Why Christmas is good news

[Adapted from yesterday’s message at The District Church, “Savior, Messiah, and Lord.”]

TDC Christmas

I think Luke 2:10-12 captures the message of Christmas pretty perfectly:

Do not be afraid, for see—I am bringing you good news of great joy for all the people: to you is born this day in the city of David a Savior, who is the Messiah, the Lord. This will be a sign for you: you will find a child wrapped in bands of cloth and lying in a manger.

Christmas is good news, right? Jesus being born is good news, right? That’s what the angel said to the shepherds, that’s what Christians believe. But as I was praying over this passage in preparation to preach yesterday, I had to ask myself again: Why is the birth of this child, over 2,000 years ago, good news? What does that have to do with us today?”

In these verses, we see that Jesus fulfills three roles—savior, messiah, and lord—and over the years, these terms have all become staples of “Christianese,” easy for believers to throw around without actually thinking about what they mean and just jargon to people who don’t follow Jesus or who are new to this stuff. And I think it’s as we unpack these terms—unwrap them, so to speak—that we’ll find and understand the good news.
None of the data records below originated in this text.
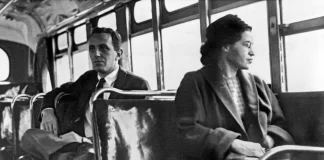 Rosa Parks: A mulher que começou uma revolução por não ceder o assento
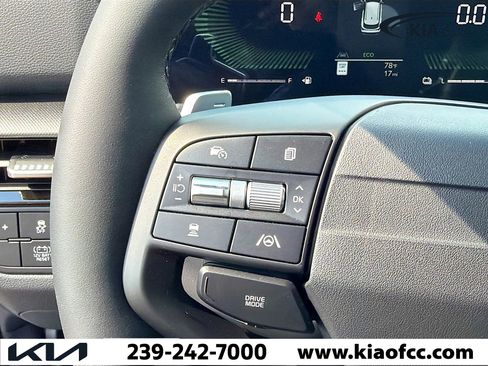 New 2026 Kia Sportage LX image 29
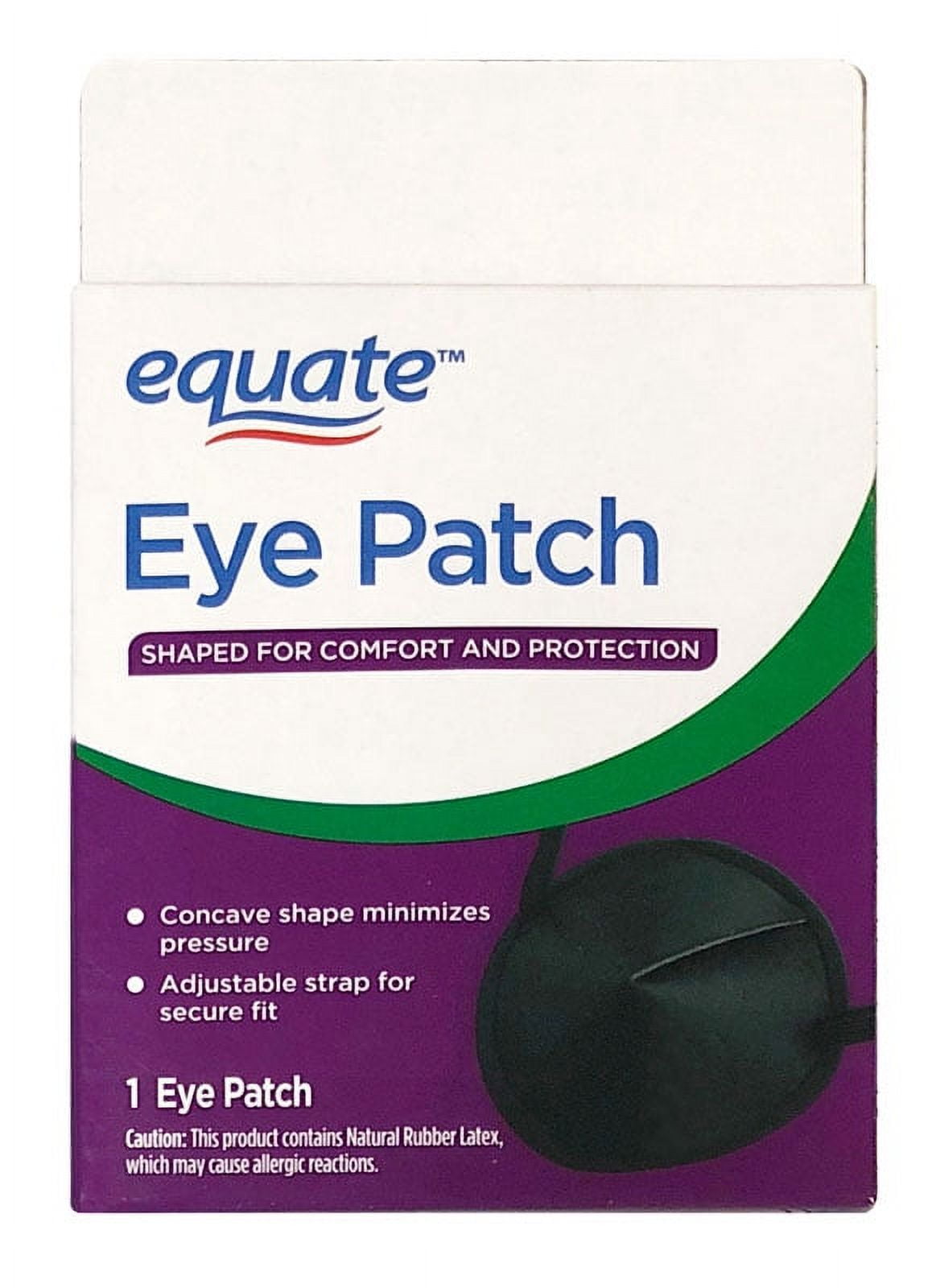 Equate Eye Patch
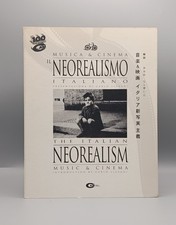 Musica cinema neorealismo usato  Sanremo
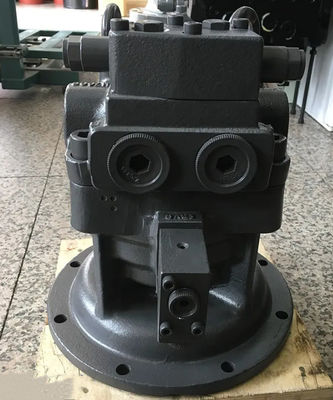 EC210C เครื่อง excavator สวิงมอเตอร์ F5X130CHB-10A-64B-285-122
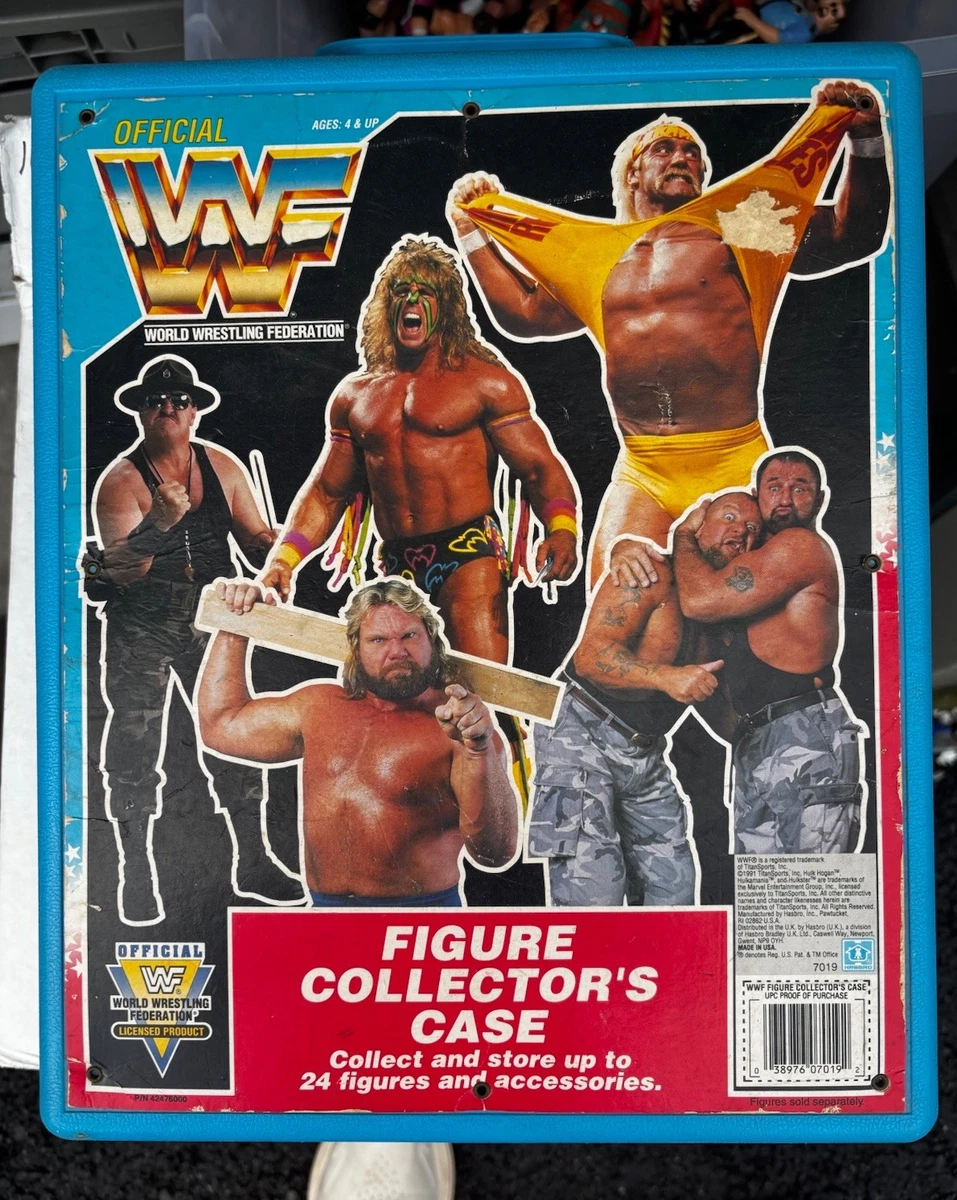 25+ Vintage Wrestling Action Figures for sale | Updated Oct 2026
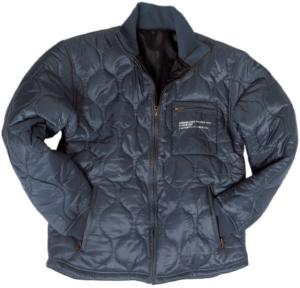 Teesar Teesar Cold Weather Jacket - Men's, Dark Blue, Large, 10841003-904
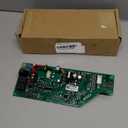 GE WD21X24899 Dishwasher Electronic Control Board Genuine Original Equipment Manufacturer (OEM) Part, Replaces WD21X24797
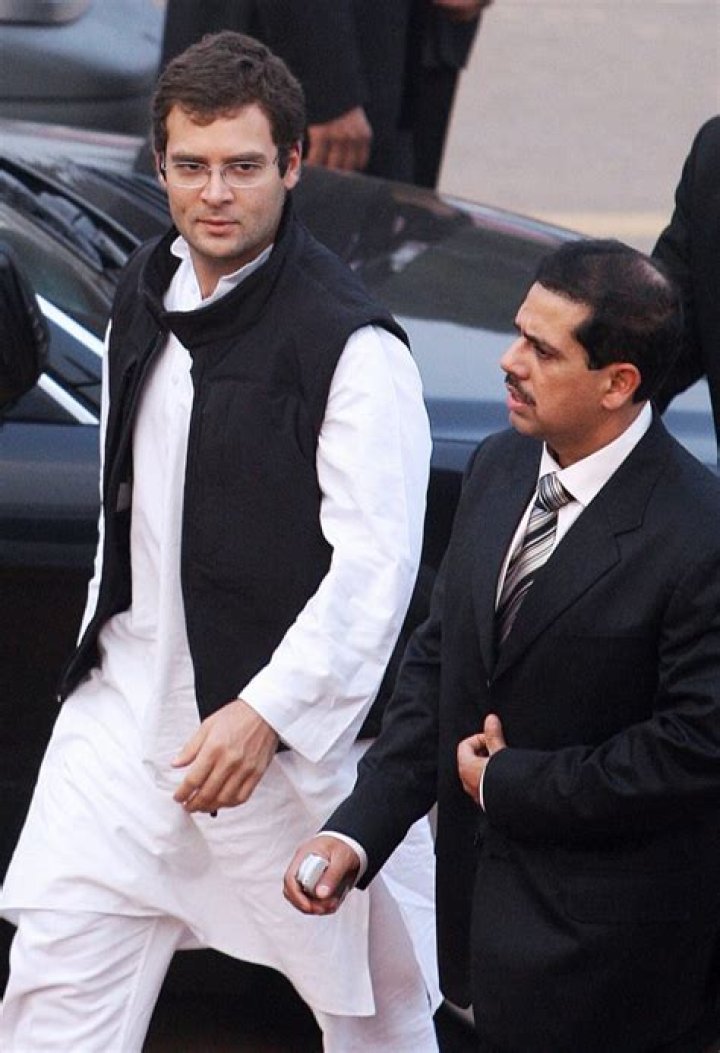 Robert Vadra Net Worth - Wiki, Age, Weight and Height, Relationships, Family, and More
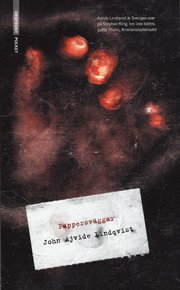 Pappersväggar (pocket)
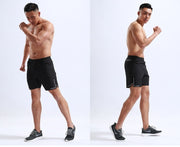 AVESA™ Running Shorts with zipper Pocket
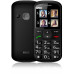 MyPhone HALO 2 Black Mobiiltelefonid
Savior. In Greek, the word is soter, which simply means “one who saves” or “one who rescues” from a desperate situation. “Savior” was also a term in the Hebrew Scriptures that was commonly, and almost exclusively, used for God. In Isaiah 43:11, God says, “I am Yahweh, and besides me there is no savior.” Most clearly for the people of Israel, God had been their savior—he had demonstrated his saving power—when he rescued them from slavery in Egypt through the leadership of Moses. And at the time of Jesus’ birth, the people were again being oppressed: this time, they were living under Roman occupation, and they were again crying out to God to rescue them, crying out for a savior.

Messiah. This word comes from the Hebrew mashiach, meaning “anointed” or “anointed one,” and this referred to the practice of anointing a person with oil, a symbol of God’s presence and blessing, usually to fulfill a certain mission or task on God’s behalf. For instance, even before David killed Goliath, when he was still just a shepherd boy, he was anointed by the prophet Samuel to be the next king of Israel. And by the time of Jesus, the term ‘messiah’ had come to hold in itself all of the expectations of the people of Israel for someone who would usher in the kingdom of God, someone who would inaugurate the reign of God: that time when everything would be set right, when injustice and oppression would be ended, when the wicked would be judged and the righteous vindicated. This is from Isaiah 61:

The spirit of the Lord GOD is upon me,

                        because the LORD has anointed me;

            he has sent me to bring good news to the oppressed,

                        to bind up the brokenhearted,

            to proclaim liberty to the captives,

                        and release to the prisoners;

            to proclaim the year of the LORD’S favor,

                        and the day of vengeance of our God;

                        to comfort all who mourn …

The people of Israel were waiting for the one anointed to carry out God’s mission; they longed for the one who would come and set things right.

Lord. We don’t live in the Middle Ages any more, but this was a deferential title for someone in authority over you, someone of higher status than you, someone you would obey, someone who was your master. When you called someone, “Lord,” you were communicating that that person was worthy of your loyalty, your obedience, and your trust. So when we refer to God as “Lord,” what we are communicating—whether or not we back this up with our attitudes and actions—is that God is worthy of our loyalty, our obedience, and our trust. As the great missionary Hudson Taylor said:

Christ is either Lord of all, or he is not Lord at all.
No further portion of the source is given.